Die Demonstration, dass die kombinierten NATO-Streitkräfte bereit und willens sind, die russischen Streitkräfte in einem langwierigen Landkrieg abzuwehren, wird eine entscheidende Abschreckung sein. Aber die westlichen Regierungen müssen erkennen, dass sie sich auf die Prävention konzentrieren müssen. Das bedeutet, dass sie jetzt eine kriegsähnliche Mobilisierung zur Bekämpfung des Klimawandels vornehmen müssen.

Die NATO hat den Klimawandel als eine der größten Herausforderungen unserer Zeit bezeichnet und sich verpflichtet, die führende internationale Organisation für Klima und Sicherheit zu werden. Doch nach dem bahnbrechenden COP28-Klimaabkommen zur Abkehr von fossilen Brennstoffen, dem so genannten ‚VAE-Konsens‘, muss die NATO ihre Klimaziele in angemessener Weise erhöhen, um die schlimmsten Klimarisiken abzuwenden.

Wie der Präsident der COP28, Sultan Al Jaber, der auch an der diesjährigen Münchner Konferenz teilnahm, nach dem UN-Klimagipfel sagte: „Ein Abkommen ist nur so gut wie seine Umsetzung… Wir müssen die notwendigen Schritte unternehmen, um dieses Abkommen in greifbare Maßnahmen umzusetzen“.

Nach München sollten westliche Regierungen die Notwendigkeit prüfen, dass sich die NATO-Armeen zu verbindlichen Klimazielen verpflichten, einschließlich des Meilensteins der COP28, die erneuerbaren Energien bis 2030 zu verdreifachen.

Die Integration der COP28-Ziele in den NATO-Klimaaktionsplan wird schon deshalb ein durchschlagender Erfolg sein, weil die harte Verhandlungsarbeit bereits auf dem UN-Klimagipfel im letzten Jahr geleistet wurde. Da die NATO-Mitgliedstaaten bereits zu den 198 Ländern gehören, die die COP28-Zusagen unterzeichnet haben, besteht der nächste Schritt für die Führung der NATO darin, die Zusagen in konkrete Maßnahmen umzusetzen.

Denn wenn die NATO nicht mit der gebotenen Dringlichkeit auf den Klimanotstand reagiert, könnte uns nicht nur ein katastrophaler globaler Krieg mit Russland drohen, sondern auch ein potenziell unbewohnbarer Planet, auf dem niemand mehr sicher ist.

 Dr.

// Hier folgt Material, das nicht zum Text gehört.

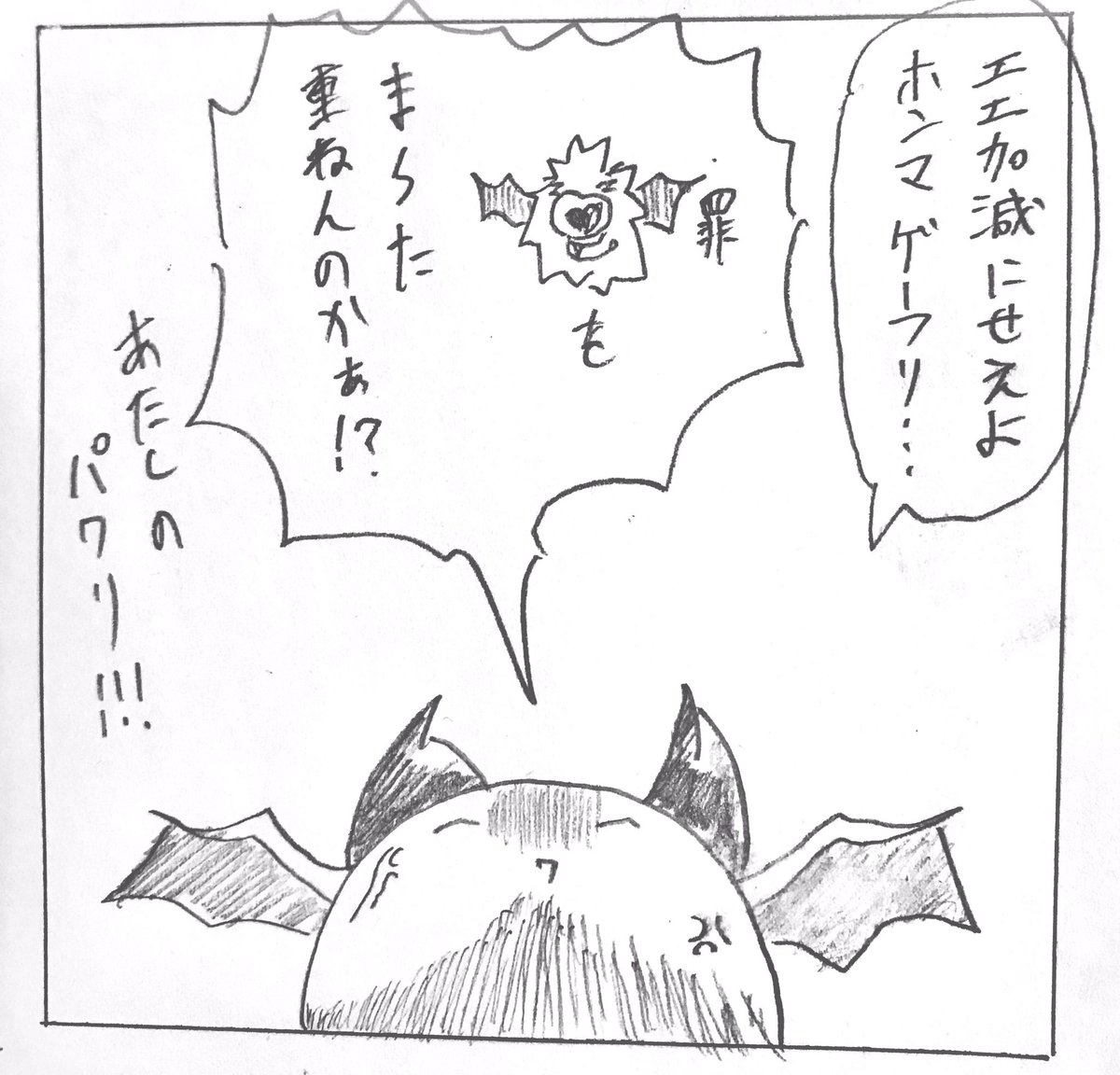 モクローにします おやすみなさい
(本格的にやるのは明日から) 
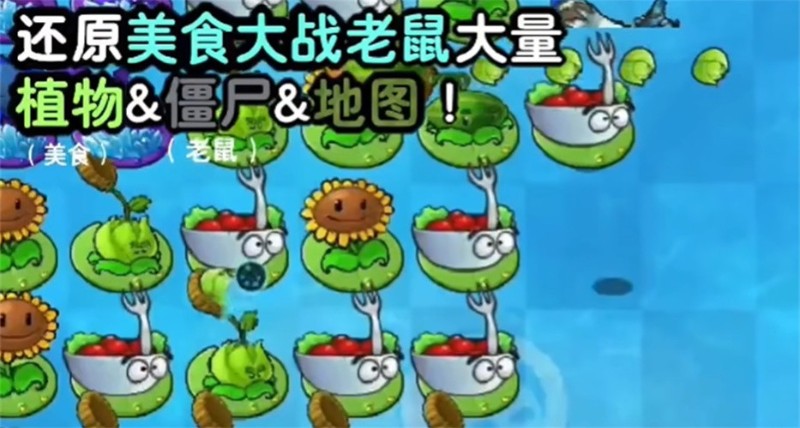 植物大战僵尸时空之乱下载安装_植物大战僵尸时空之乱最新版本下载v1.2.1 运行截图1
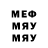 Метамфетамин витя Never Mean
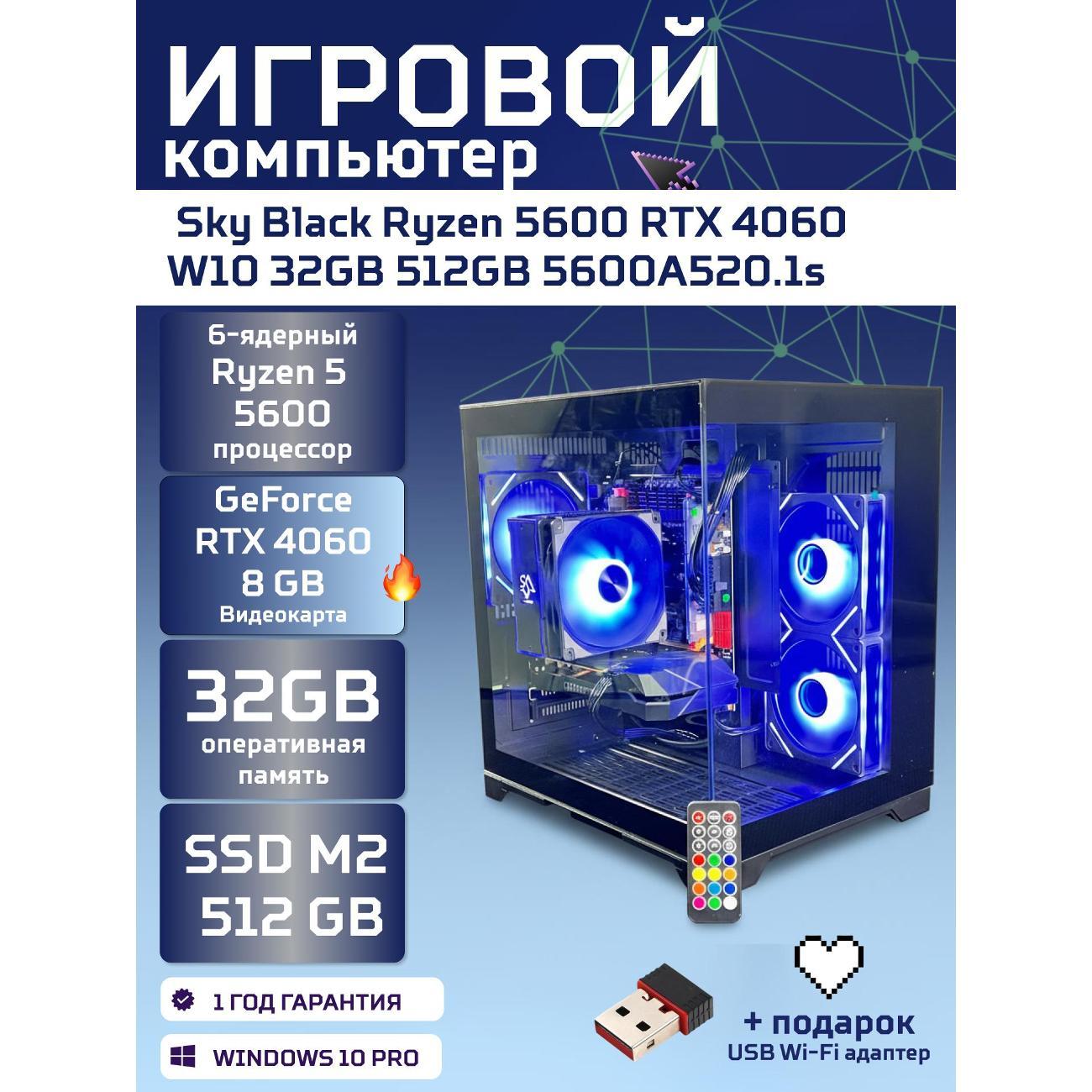 Системный блок БиГ! Комп Sky Black 4060 - W10 a52056.2s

Maurizio Geri ist ehemaliger Analyst für die Region Naher Osten und Nordafrika (MENA) beim NATO Allied Command Transformation in den USA, dem NATO Southern Hub in Italien und dem NATO-Hauptquartier in Belgien. Derzeit ist er Assistent am NATO-Zentrum für maritime Forschung und Experimente in La Spezia, Italien.